The missed putt sadly dampened the incredible shot Davis pulled off on the 16th hole to seeming take control of the match and put Baylor in position to win the program's first national title -- after having finished no better than T-16 in two previous NCAA appearances. Standing 1 up on the tee and knowing that their match would decide which program walked off with the title (the four proceeding matches had been split 2-2), Davis hit her tee shot into a hazard. The good news was that the ball was playable, coming to rest on a patch of muddy dirt. The bad news, was the glob of the mud stuck to the ball.

Undaunted, Davis pulled out an 8-iron and nearly holed her 134-yard approach, leaving herself a four-foot birdie try that she converted to win the hole. "That was the thing," Davis said, "when I got up there, just to see that it was playable, I was excited, like I've been given a chance, like I'm going to make the most of it, and it paid off."

"That shot on 16, under the conditions, might have been the best shot I've ever seen," said Baylor coach Jay Goble. "I can't say that I walked up to her and had a warm and fuzzy feelings that she was going to hit it up there four or five feet away. But if anybody can do it, Hayley Davis can do it."

Given such a stunning change in momentum, with Stackhouse now dormie, the Stanford All-American and 2014 U.S. Curtis Cup player could easily have folded. Instead, she responded with inspired shots of her own. On the par-5 17th, she hit the green in two with a 3-hybrid from 209 feet, setting up a birdie to win the hole.

"That shot, as soon as it came off the clubface, I was just like, 'This is money,' and it felt really good," Stackhouse said.

Then on the par-4 18th, she hit her approach to eight feet and made another birdie putt to extend the match, the large crowd now following this everything-on-the-line match abuzz with a "can you believe what we're seeing?!?" astonishment

"I think I kind of had the easier hand because I had to go for it versus protect [a lead]," Stackhouse said. "I've never been more excited about a couple of finishing holes. I was like, we've worked hard for this all year. It's do or die. There are two holes left. You've got to get through to even have an opportunity to win the championship. That's the kind of stuff you dream for as a golfer."

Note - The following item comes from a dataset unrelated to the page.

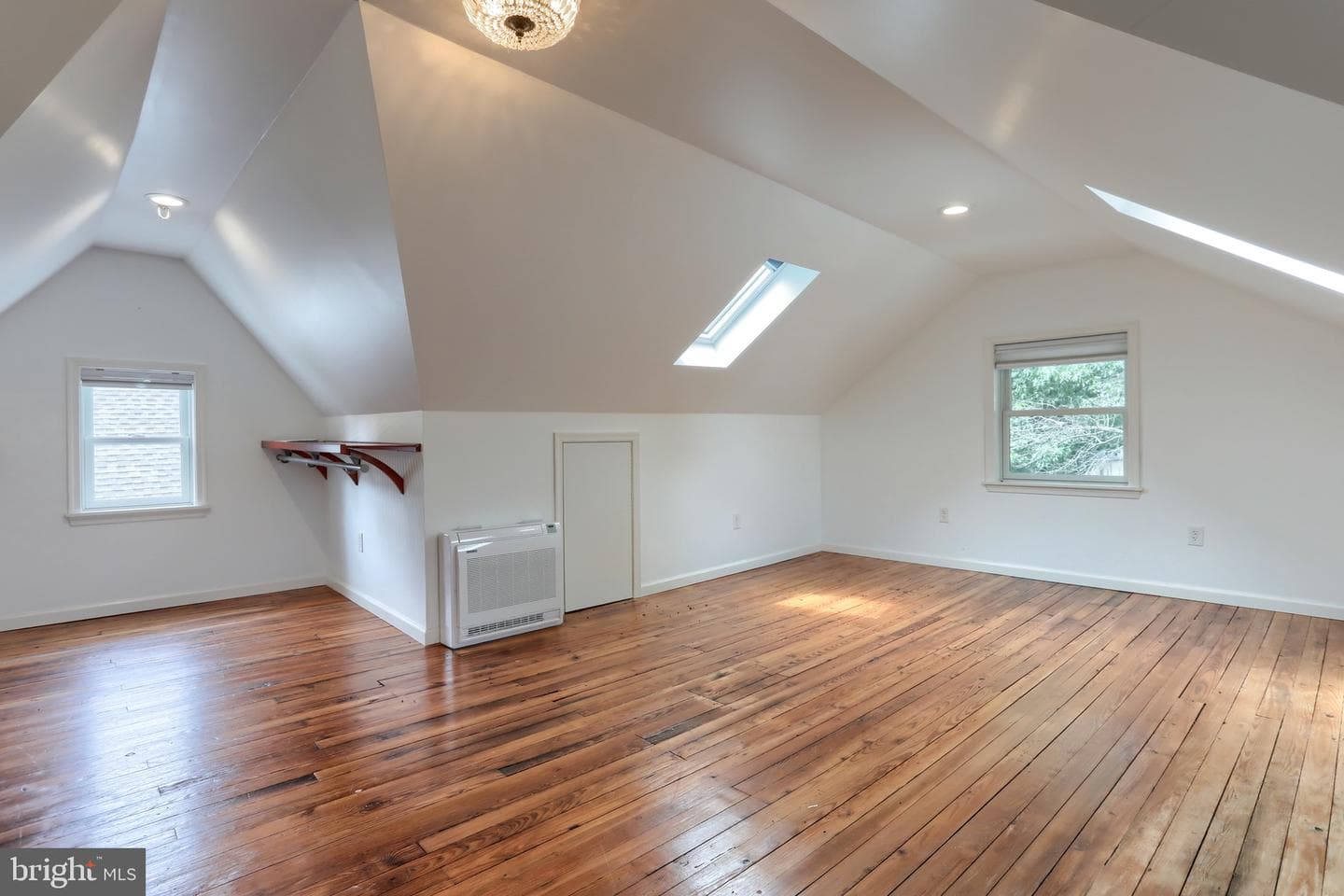 129 Poplar Avenue photo 33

While Stackhouse played at a higher level as the match wore on, overall the play on Wednesday was a little ragged, a byproduct likely of the seven straight days of practice or competition for the two teams in the finals.

"This is all adrenaline," Stackhouse said. "At this point, it's the last match. You're not going to get tired because it matters too much."

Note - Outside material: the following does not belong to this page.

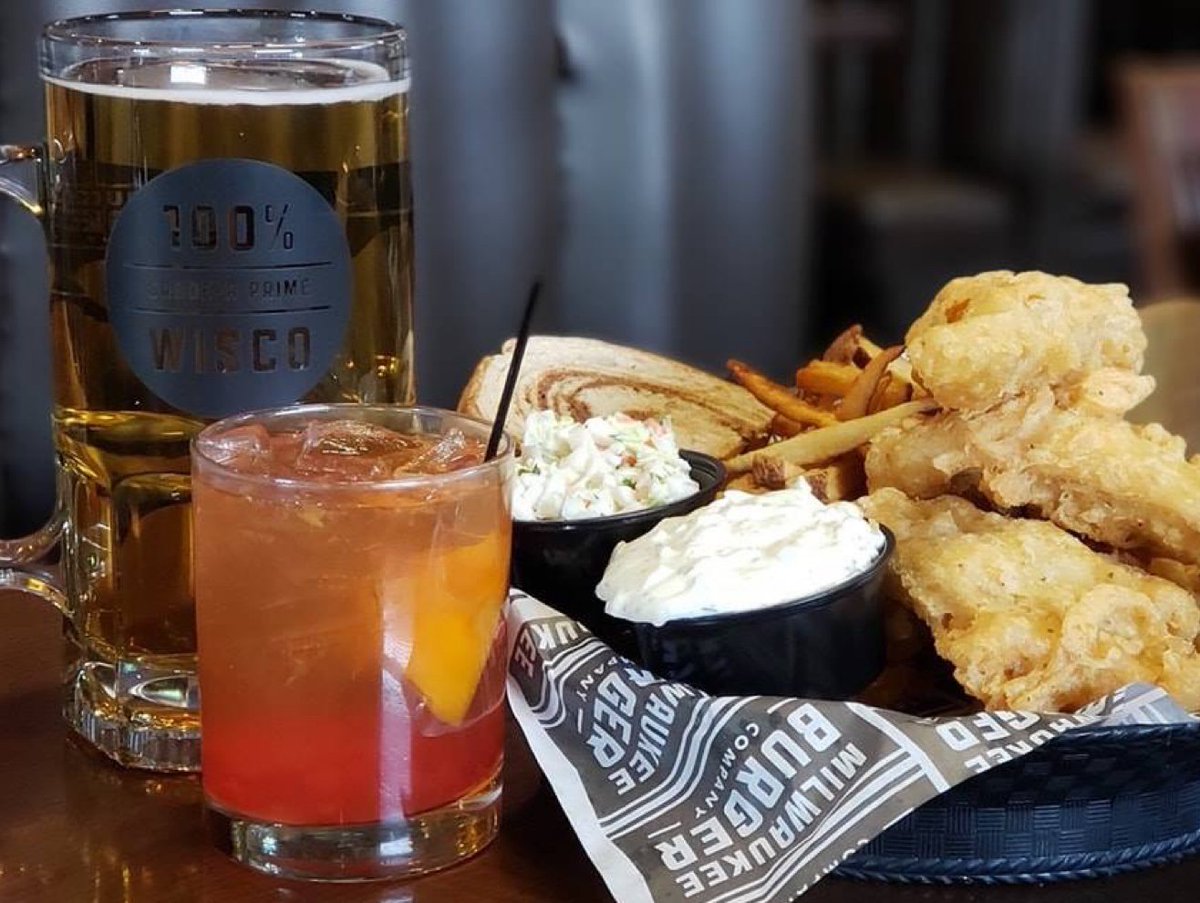 MilwaukeeBurger's tweet photo. It’s Fish Fry Friday! Check with your local Milwaukee Burger location for details! #milwaukeeburger #sconniestyle #fishfry #wilife #wisconsin #wisconsinwayoflife #wiscostyle #fish https://t.co/RWlTkVQOts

So much will be forgotten in the aftermath of Davis' miss. For instance Stanford sophomore Casey Danielson winning the final two holes of Match No. 1 against Baylor's Laura Lonardi, to make Stackhouse's match matter in the first place. And Cardinal freshman Shannon Aubert winning her third match of the week in Match No. 2, beating Lauren Whyte, 4 and 3.

What will also be forgotten -- or maybe just go unnoticed -- is how Davis reacted in the aftermath of arguably her worst moment in golf. Five minutes after her miss, the tears were still coming down her cheeks. Yet Davis walked back on the green where her opponents were celebrated, and proceeded to give each one a congratulatory hug.

"I don't know, forever," Davis said when asked how long it might take to get over what happened. "It's a five-foot putt. I've made probably thousands of those putts in my life. And that one didn't go in."

Davis paused, still sad, but composed.

"I mean it's tough, but I know I tried."